● **EXCERPTED RECORDS**:
========================================================================

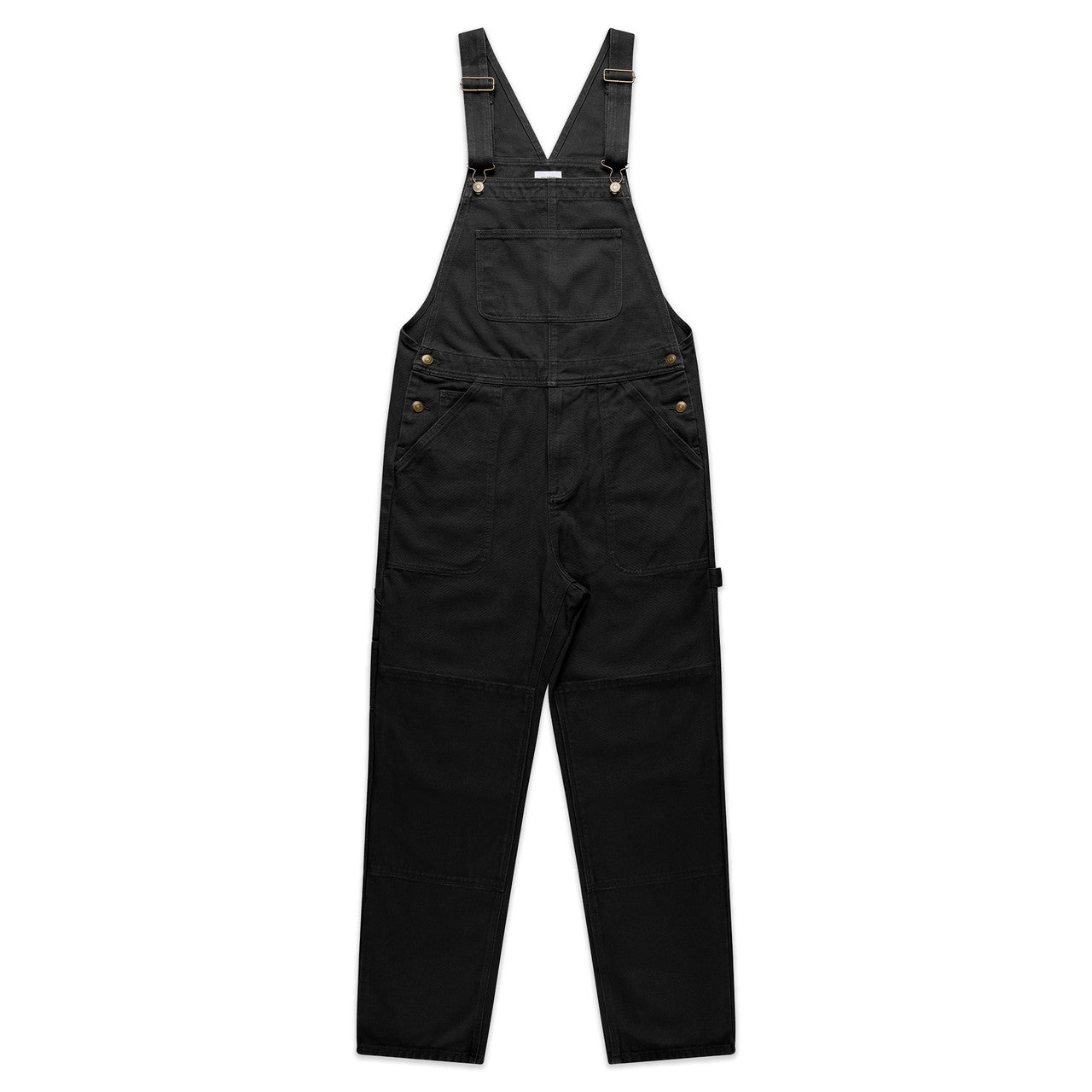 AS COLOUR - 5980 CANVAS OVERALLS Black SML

========================================================================

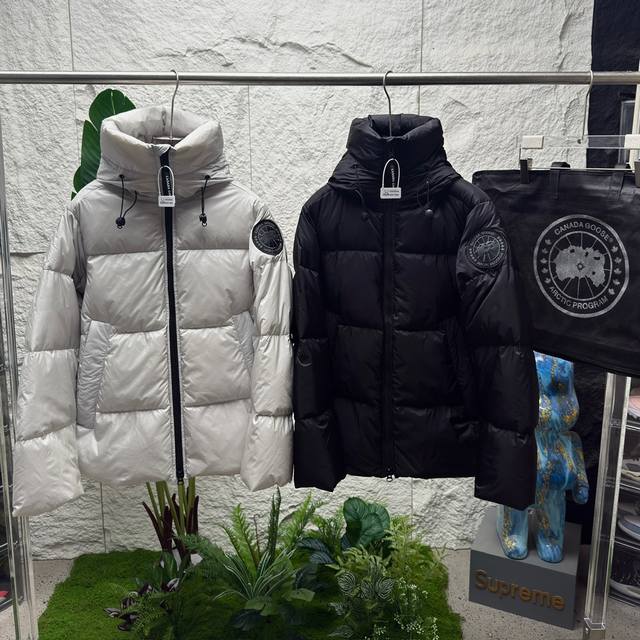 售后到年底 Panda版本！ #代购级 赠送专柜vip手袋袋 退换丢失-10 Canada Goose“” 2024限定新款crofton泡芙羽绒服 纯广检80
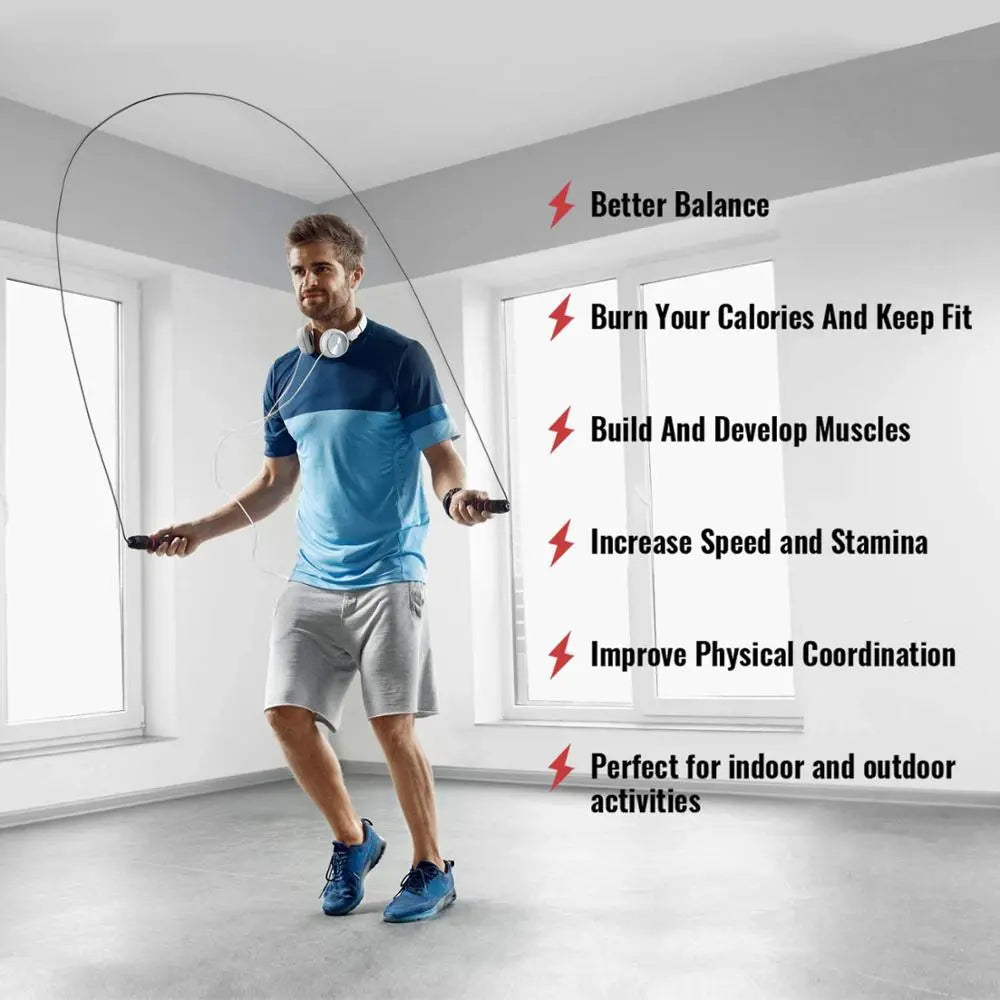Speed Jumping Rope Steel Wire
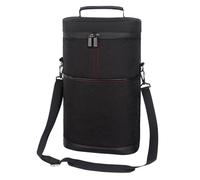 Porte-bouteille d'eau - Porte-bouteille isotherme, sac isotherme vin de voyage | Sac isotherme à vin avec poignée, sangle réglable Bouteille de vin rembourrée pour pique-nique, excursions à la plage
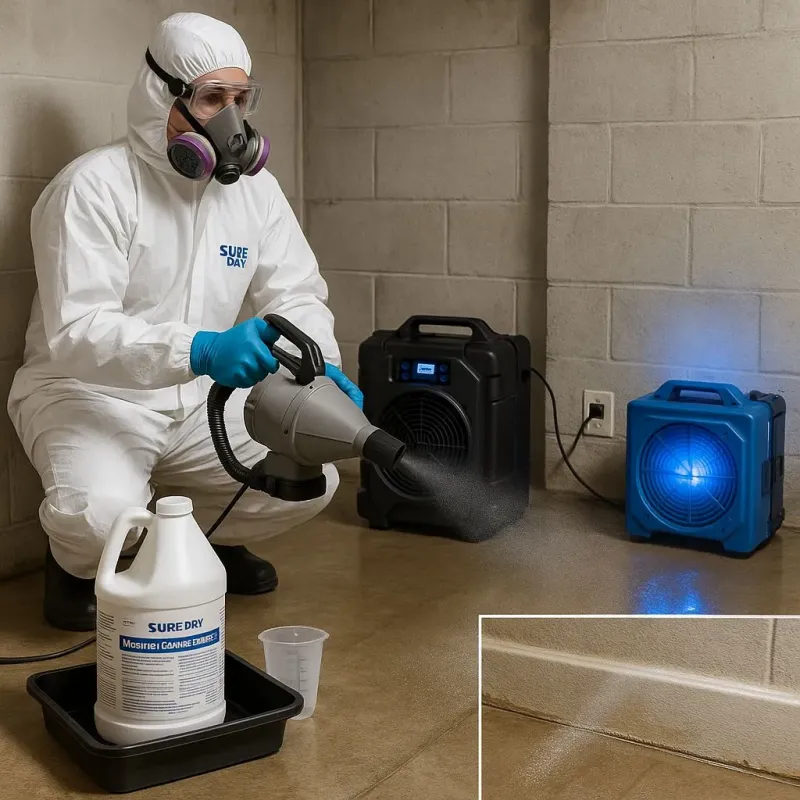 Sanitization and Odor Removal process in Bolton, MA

========================================================================

Your answer should be the lines above, word for word, from the line with "售后到年底 Panda版本！ #代购级" through the line with "Sanitization and Odor", minus the pictures.

 售后到年底 Panda版本！ #代购级 赠送专柜vip手袋袋 退换丢失-10 Canada Goose“” 2024限定新款crofton泡芙羽绒服 纯广检80
Speed Jumping Rope Steel Wire
 Porte-bouteille d'eau - Porte-bouteille isotherme, sac isotherme vin de voyage | Sac isotherme à vin avec poignée, sangle réglable Bouteille de vin rembourrée pour pique-nique, excursions à la plage
 Sanitization and Odor Removal process in Bolton, MA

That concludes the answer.